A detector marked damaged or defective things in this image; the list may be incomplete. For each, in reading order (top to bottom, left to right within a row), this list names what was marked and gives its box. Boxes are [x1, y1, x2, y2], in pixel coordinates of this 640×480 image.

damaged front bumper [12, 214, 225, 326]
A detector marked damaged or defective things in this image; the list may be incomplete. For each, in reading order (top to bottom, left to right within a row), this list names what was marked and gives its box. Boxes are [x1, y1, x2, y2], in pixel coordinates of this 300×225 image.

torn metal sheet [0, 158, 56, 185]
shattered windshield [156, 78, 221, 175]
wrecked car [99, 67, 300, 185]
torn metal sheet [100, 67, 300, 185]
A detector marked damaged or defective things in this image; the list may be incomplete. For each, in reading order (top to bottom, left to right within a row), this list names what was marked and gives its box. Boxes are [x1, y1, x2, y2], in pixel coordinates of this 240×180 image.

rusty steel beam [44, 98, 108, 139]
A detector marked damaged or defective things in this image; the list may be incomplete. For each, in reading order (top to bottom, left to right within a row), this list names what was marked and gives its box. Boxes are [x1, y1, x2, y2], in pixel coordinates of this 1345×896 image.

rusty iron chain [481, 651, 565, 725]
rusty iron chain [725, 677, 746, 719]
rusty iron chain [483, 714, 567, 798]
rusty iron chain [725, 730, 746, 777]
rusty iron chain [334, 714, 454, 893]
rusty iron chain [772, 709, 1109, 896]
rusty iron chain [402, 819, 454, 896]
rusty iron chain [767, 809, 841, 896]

-*-

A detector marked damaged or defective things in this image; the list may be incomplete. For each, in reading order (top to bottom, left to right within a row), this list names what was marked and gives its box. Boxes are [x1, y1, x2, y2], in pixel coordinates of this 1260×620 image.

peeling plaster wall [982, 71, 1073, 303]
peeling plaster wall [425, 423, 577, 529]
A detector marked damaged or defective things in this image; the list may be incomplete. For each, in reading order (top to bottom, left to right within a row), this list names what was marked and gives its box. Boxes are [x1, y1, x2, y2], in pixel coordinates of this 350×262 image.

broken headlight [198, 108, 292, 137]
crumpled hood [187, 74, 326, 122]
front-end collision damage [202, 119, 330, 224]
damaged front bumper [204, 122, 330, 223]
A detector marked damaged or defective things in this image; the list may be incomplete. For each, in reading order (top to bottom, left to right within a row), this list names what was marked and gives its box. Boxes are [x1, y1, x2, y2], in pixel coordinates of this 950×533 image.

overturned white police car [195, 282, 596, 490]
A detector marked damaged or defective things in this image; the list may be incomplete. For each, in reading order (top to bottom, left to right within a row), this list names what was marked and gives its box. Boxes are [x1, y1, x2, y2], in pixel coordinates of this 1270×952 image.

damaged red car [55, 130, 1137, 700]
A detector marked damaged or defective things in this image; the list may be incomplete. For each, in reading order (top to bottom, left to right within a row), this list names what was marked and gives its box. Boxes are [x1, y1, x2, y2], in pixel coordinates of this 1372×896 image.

-*-

_Assigned task:_ Reproduce the lines above, beginning at the line with "this 1270×952 image." and stopping after the line with "this 1372×896 image.", exactly as they are.

_Result of this exercise:_
A detector marked damaged or defective things in this image; the list may be incomplete. For each, in reading order (top to bottom, left to right within a row), this list names what was marked and gives its box. Boxes are [x1, y1, x2, y2], in pixel coordinates of this 1270×952 image.

damaged red car [55, 130, 1137, 700]
A detector marked damaged or defective things in this image; the list may be incomplete. For each, in reading order (top to bottom, left to right within a row), this list names what was marked and gives its box. Boxes are [x1, y1, x2, y2], in pixel coordinates of this 1372×896 image.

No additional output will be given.